Dear Radiance experts,

I am using aBSDF type materials to model roller shades using 5pm for annual glare risk assessment based on DGP.

I ran the same set of input files on Windows and Linux twice, but the maximum luminance values from Radiance-Linux ( Radiance 5.4a (2023-01-29)) are much higher than those from Radiance-Windows ( Radiance 5.4a (2023-01-13)), particularly when the sun is at the edge of the façade.

For example, at 10 am on March 6th, in Chicago:

Windows Linux
Maxmum luminance in cds hdr image 3.78E+06 1.98E+08
Maxmum luminance (blurred 5pm) 3.31E+06 1.71E+08
DGP (blurred 5pm) 0.32 0.48

Although Linux Radiance detects a glare source to be above 1.98E+08, it looks like a single pixel and I could not manually locate the glare source using “hdrscope”. When I tried to select the glare source from both cds hdr images, the glare sources were around 3.78E+06 in both images.

Could be possible that the PE algorithm on Radiance-Linux and Radiance-Windows are slightly different?

Is it sensible to replace the luminance value of a single-pixel glare source for the scenarios when the sun is at the edge of the façade, or add a narrow black mask along the edge of the facade on the original cds hdr image? If so, I wonder how to replace luminance values in parts of a hdr image.

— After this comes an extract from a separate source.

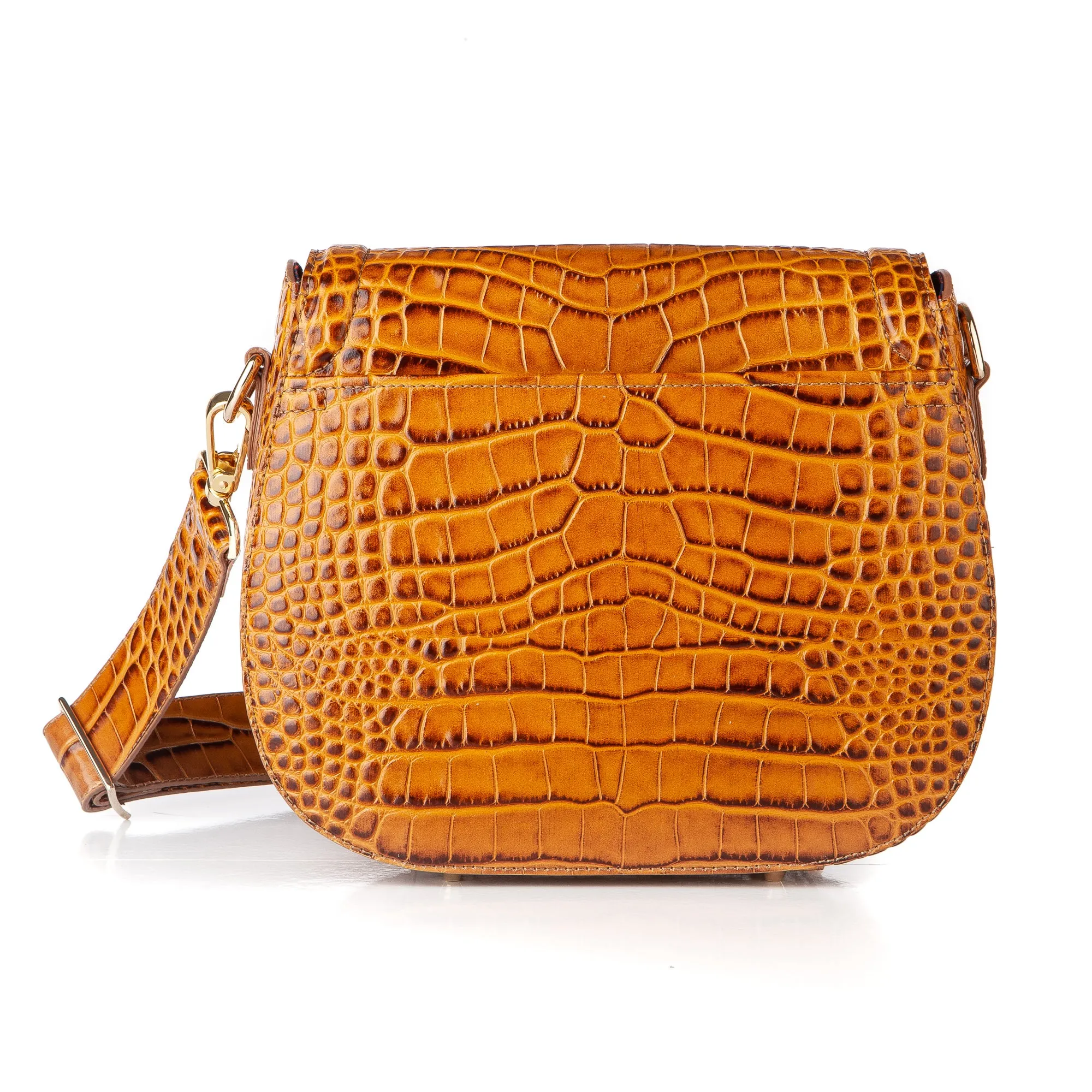 Holmes in Camel Croc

Thank you for your time and patience!

Best,
Sichen

Hi Sichen,

This is less likely a difference between Linux and Windows versions of Radiance and more likely random sampling variations that might be corrected by rendering higher-resolution images so that you don’t have just one or two samples for the sun.

Best,
-Greg

Dear Greg,

Thank you for your prompt response. I used a image size of 800 x 800 pixels.

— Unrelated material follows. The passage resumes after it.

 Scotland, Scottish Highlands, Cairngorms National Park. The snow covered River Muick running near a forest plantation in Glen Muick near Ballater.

I tested many shades on Windows and 2 shades on Linux, but Linux always had a higher peak illuminance when the sun is at the edge of the façade. Maybe increasing the size could help.

Best,
Sichen

If this is happening right at the edge of your window, small numerical differences in the calculation might also be at play. I hesitate to guess where these might be happening, but you could check the solar times/angles or make sure you use the -pj 0 option to vwrays and the same data types in Windows and Linux when passing ray vectors from vwrays to rfluxmtx or rcontrib.

Best,
-Greg

Hi Greg,

Thank you for the advice. I will do some tests and let you know what I find.

Best,
Sichen

Hi Sichen,

in more general terms, you cannot expect that an image feature is accurately represented by one pixel (analogies to the Nyquist theorem may be drawn). To have a reliable result, you should aim for at least three samples (e.g. pixels) per dimension (x,y) on the smallest feature you want to account for (e.g. that would still make a difference in your study). 800px almost fullfills that for a 180° fisheye when the full sun disk is visible (e.g. 800px/180deg. = 4.4px/deg. gives 2.2px on a 0.5deg. sun disk), but not when partially occluded.

Best, Lars.

Hi Lars,

Thank you for your response. These are very useful comments in general and to my study.

Best,
Sichen

Dear Greg,

After I used -pj 0, Windows and Linux had the same results.